Chapter 40

Any experienced librarian will tell you that much of what is found among their shelves defies classification. Most often by virtue of being many things at once. Sometimes those categories show only minimal overlap, and sometimes, as with “hero” and “villain,” they are almost entirely the same thing.

Who Indexes the Indexers? , by M. L. K. Dewey

CHAPTER 40

Evar

Livira!” Evar intercepted the racing girl, sweeping her into his arms, lifting her from the ground, and spinning to absorb her momentum. For several heartbeats she fought him in her panic, and Evar took the blows until with a sudden stillness she understood who had hold of her. In that moment she collapsed against him, burying her face in his mane as he pressed his own to her neck, inhaling her. He hadn’t truly believed it until that moment when her scent filled him. He squeezed her, trying to tame his strength in case she might break. He had thought her dead. He had hoped against hope that she wasn’t. That the spirit which had entered the Assistant had escaped her white prison when the skeer destroyed it. But he hadn’t known, he hadn’t believed, and he had lived with the ache of her absence for what might only be days but felt like a thousand years, all the time trying to deny the hurt and the loss and the hope.

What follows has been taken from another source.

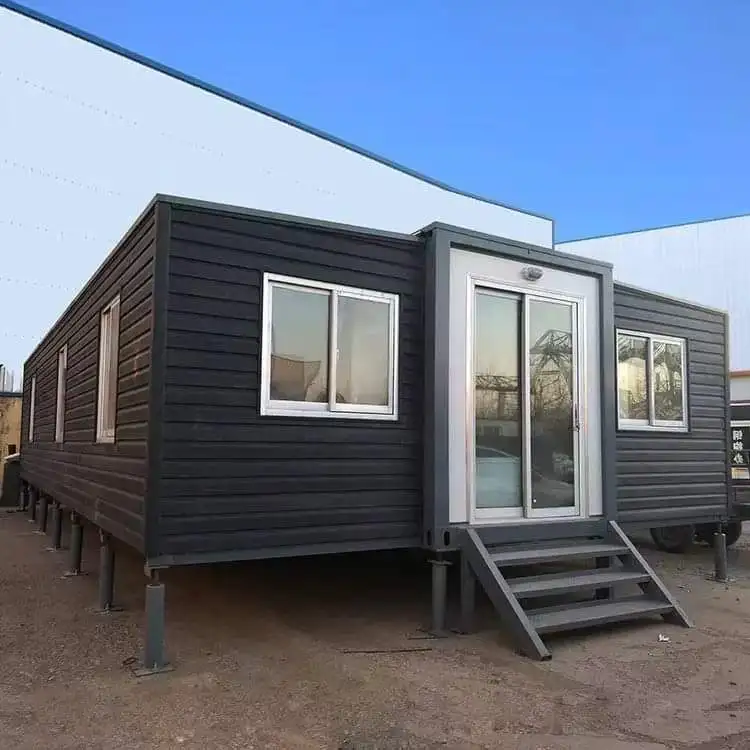 20ft 40ft  Flat Pack House Prefabricated  Ready Made 3 Bedroom Prefabricated House   Portable Mobile Tiny Home Folding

“Livira.” A whisper now as her friends erupted all around them with cries of joy. Feeling the others start to tug at her, Evar reluctantly set her down. Before he released her though, Livira tightened her arms about his neck and her lips found his ear.

“I missed you.”

Evar stepped back as Livira’s friends surged around. Her unexpected arrival had been the sudden intake of a breath he’d been short of ever since he found the Assistant’s broken body. For the long, glorious moments during which they had been alone in each other’s arms, held in the privacy of a fictional forever, Evar had felt himself mended.

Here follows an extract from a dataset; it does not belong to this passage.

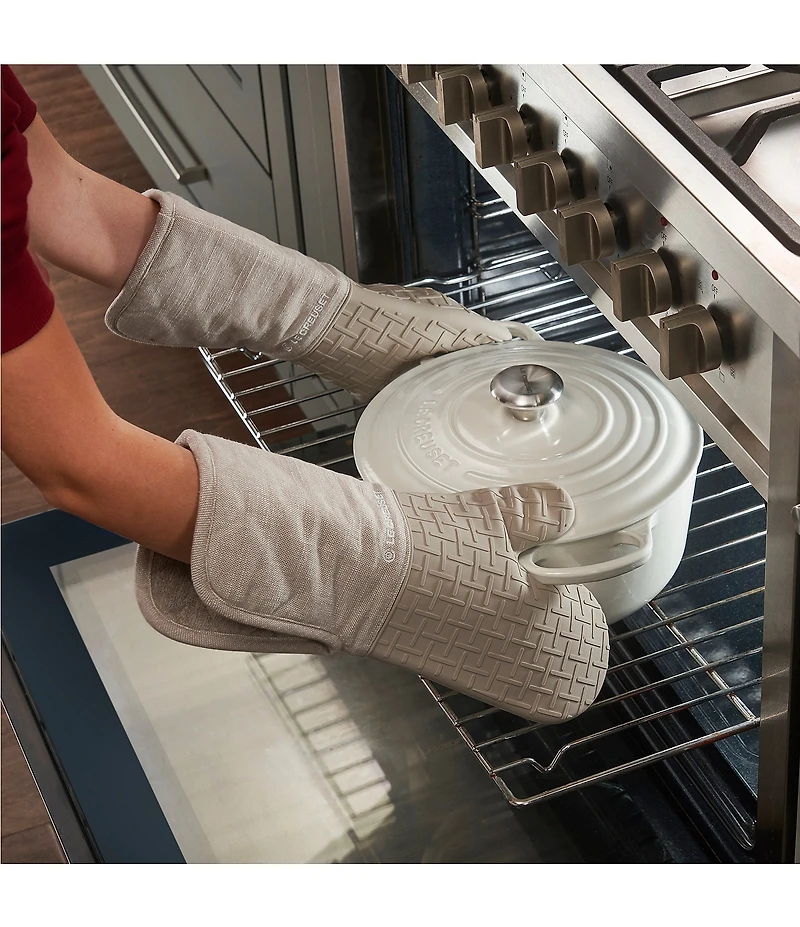 Le Creuset Oven Mitt - 15 in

For Evar, who had so seldom been hugged, it was a state he could happily have drawn out for an age, but the world had too quickly reimposed itself. Livira’s fear and grief demanded an accounting, and the friends who crowded round were people she had known far longer than she had known Evar, and from whom she had been parted for far longer—at least on their side of the equation.

Evar found the human’s speech easier to understand when Livira spoke it, and the effect also cast a new light of understanding on what the others were saying. The news that Malar had been killed hit Evar like a blow to the chest, taking the air from his lungs just as effectively as seeing the Soldier’s body lying broken amid the drifts of skeer corpses. The Soldier was truly gone now. The human that Evar had carried to the healing circle and watched being returned from the brink of death had been the Soldier’s inner spirit. That spirit was now extinguished.

Clovis made to advance on those that had killed Malar, and Evar was ready to go with her. She hid her full anger, but it still found an echo in his chest. Yute’s intervention took the wind from both their sails. Evar’s brother had killed the man’s wife, and it seemed that Yute had known Malar better than any of the siblings.

Though it wasn’t until Livira addressed Clovis that Evar realised what he might lose if they went seeking vengeance. He needed to stop thinking of the humans as weak just because they were smaller and slower than him. Arpix had taken down a cratalac. This king’s soldiers apparently had weapons that compensated for their lack of martial skills. Clovis could die. Evar could die, with just a brief hug as the totality of his reunion with Livira.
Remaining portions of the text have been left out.